Şaşkınlığı yüzünden okunuyordu. Ama tabi ki cevabı olumsuz oldu. “Hayır ona diploma veremem.” dedi.

“Niçin veremezsiniz?”

“Çünkü okula kayıt yaptırmayan bu okuldan diploma alma hakkına sahip değildir.” Deyince ben de lafı gediğine koydum.

“Sayın müdürüm işte İslam okuluna kayıt yaptırmayanlara da cennete geçiş belgesi verilmemektedir.
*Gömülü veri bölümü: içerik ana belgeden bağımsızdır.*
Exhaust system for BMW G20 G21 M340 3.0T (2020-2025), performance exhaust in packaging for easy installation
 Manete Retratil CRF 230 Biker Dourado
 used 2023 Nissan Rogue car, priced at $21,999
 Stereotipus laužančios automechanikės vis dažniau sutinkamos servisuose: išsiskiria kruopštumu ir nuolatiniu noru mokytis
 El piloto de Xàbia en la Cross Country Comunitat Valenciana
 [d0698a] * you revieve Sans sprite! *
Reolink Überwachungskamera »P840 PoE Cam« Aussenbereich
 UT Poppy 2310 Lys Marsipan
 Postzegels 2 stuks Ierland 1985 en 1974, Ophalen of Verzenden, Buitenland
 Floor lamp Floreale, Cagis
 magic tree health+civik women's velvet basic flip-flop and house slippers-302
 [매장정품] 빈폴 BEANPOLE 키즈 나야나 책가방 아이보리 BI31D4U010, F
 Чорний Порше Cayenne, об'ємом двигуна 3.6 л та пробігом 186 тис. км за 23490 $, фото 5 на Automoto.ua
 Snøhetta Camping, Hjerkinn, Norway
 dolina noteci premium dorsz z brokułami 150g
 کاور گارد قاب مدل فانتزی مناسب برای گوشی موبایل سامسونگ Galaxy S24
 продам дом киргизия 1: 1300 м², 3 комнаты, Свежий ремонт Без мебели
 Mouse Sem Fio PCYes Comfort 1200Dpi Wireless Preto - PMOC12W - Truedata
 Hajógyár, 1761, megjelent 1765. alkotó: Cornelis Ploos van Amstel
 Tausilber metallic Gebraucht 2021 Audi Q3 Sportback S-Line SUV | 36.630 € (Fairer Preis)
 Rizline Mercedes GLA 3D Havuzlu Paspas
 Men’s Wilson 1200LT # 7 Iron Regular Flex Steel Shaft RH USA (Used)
Cennet için mutlaka İslam okuluna kayıt yaptırmak ve bu okuldan atılmayı gerektirecek davranışlardan uzak durmak gerekir.” deyince sesini çıkarmadı.

Hem Allah’ı inkar edecek hem de O’nun inananlara sağladığı imkanlardan faydalanacak bu nasıl bir tezat! İşte inanç ve amel cennet yolcularının en temel özelliklerindendir.

İman ve ibadet

İbadet, kulun, allah2a karşı sevgisini, saygısını, bağlılığını gösterdiği bir yaşam tarzıdır. Cennet, ibadet deryasında yüzenlerin varacakları bir sahildir.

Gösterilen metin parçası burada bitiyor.